In the Pearl Theatre Company’s robust production of William Shakespeare’s Twelfth Night, being performed under the watchful direction of J.R. Sullivan, this rueful comedy takes pains to allow for poignancy along with its playful shenanigans. Indeed, this story of shipwrecked twins Viola (Ali Ahn) and Sebastian (Joseph Midyett), who eventually find love in Illyria, owes much of its success to the performances of its supporting players.
Sean McNall as Feste (The Fool) sets the tone of the piece with his boyish innocence that belies his sharply knowing wit. He gives the play its comic drive and underscores, with his musical voice, the beauty of the language. His performance is perfectly balanced against the play’s most weighty character, the comically abused Malvolio (Dominic Cuskern), the haughty servant who is fooled into thinking that his mistress, Lady Olivia (Rachel Botchan), is in love with him.

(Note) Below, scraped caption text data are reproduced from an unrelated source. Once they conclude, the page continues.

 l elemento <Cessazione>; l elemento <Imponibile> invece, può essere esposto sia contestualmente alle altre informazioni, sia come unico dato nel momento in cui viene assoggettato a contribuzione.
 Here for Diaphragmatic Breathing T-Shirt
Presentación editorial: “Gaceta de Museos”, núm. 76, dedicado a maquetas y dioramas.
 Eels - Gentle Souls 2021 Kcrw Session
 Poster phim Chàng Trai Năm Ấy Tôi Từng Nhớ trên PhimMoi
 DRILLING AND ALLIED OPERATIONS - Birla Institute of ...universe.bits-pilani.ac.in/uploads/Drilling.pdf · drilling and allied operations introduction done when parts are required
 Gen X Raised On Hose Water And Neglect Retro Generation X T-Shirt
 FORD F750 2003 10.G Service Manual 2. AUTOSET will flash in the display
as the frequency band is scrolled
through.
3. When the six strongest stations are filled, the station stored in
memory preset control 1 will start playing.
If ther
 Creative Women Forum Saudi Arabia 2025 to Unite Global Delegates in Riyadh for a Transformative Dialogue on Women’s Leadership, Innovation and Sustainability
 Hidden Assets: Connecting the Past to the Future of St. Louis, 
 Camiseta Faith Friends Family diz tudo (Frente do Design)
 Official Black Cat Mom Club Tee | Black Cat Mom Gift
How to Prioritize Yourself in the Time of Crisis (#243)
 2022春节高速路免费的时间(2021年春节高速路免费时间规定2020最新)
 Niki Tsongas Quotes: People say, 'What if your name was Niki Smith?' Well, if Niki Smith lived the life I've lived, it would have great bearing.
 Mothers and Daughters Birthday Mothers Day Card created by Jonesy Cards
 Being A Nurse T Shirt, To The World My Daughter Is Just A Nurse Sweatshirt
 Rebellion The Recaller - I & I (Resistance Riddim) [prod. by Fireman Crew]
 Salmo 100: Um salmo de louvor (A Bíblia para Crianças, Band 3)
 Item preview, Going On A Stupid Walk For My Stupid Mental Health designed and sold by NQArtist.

Cuskern gives full dimension to Malvolio, first making him convincingly officious, then comically foolish, and then ultimately heartbreaking when he is broken with humiliation.
The play’s other comic business is boisterously put over by Bradford Cover as Sir Toby Belch and David L. Townsend as Sir Andrew Aguecheek, with a helpful assist from TJ Edwards as Fabian. This threesome is pivotal in providing the nearly three-hour production with its lively pace. Michael Gabriel Goodfriend is amusingly broad as Duke Orsino and Jay Stratton is convincing and appealing as Antonio, the loyal sailor who befriends and helps Sebastian.
On the downside, Botchan plays Lady Olivia less imperiously and more sweetly than is the norm, a choice that runs out of steam as the play progresses. In her defense, her scenes are primarily against Ahn, who gives precious little sass to her performance as Viola.
If the set design by Harry Feiner seems a bit pedestrian, it is offset by Liz Covey’s generally effective costume design and Stephen Petrilli’s warm lighting design. And even when the players veer off into their version of “The Twelve Days of Christmas,” howling at the moon as they chime in on “Five Golden Rings,” one feels that they are still very much in the spirit of the play and are serving its ultimate sense of fun.